## Supplied data

──────────────────────────────

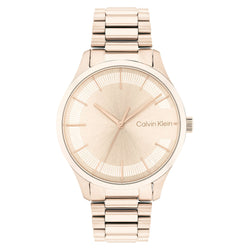 Calvin Klein Carnation Gold Steel Unisex Watch - 25200042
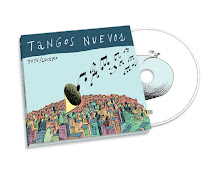 Disco TANGOS NUEVOS (Tute / Lucero)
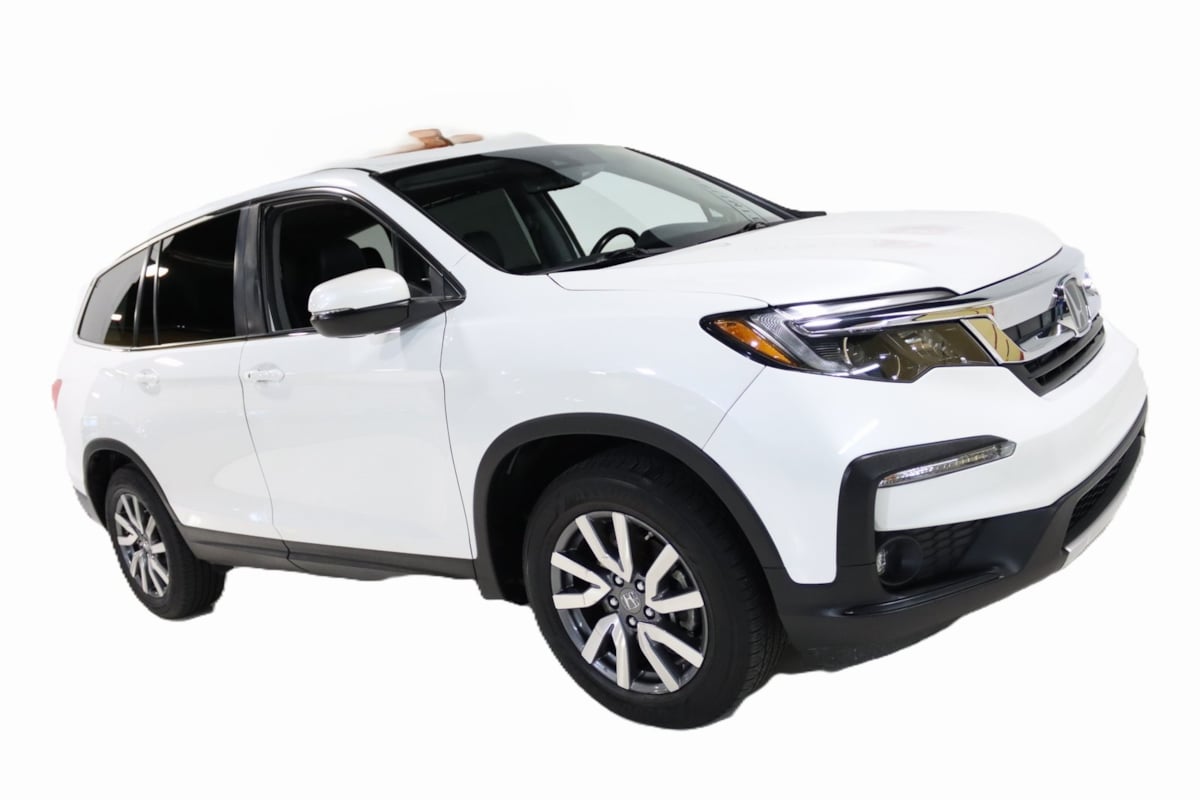 Sold 2020 Honda Pilot EX-L in Fishers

──────────────────────────────

## Task description
In the listing above, retype exactly, and only, the lines from the one containing "Disco TANGOS NUEVOS (Tute / Lucero)" through the last line, both included. Omit the pictures.

## Response
 Disco TANGOS NUEVOS (Tute / Lucero)
 Sold 2020 Honda Pilot EX-L in Fishers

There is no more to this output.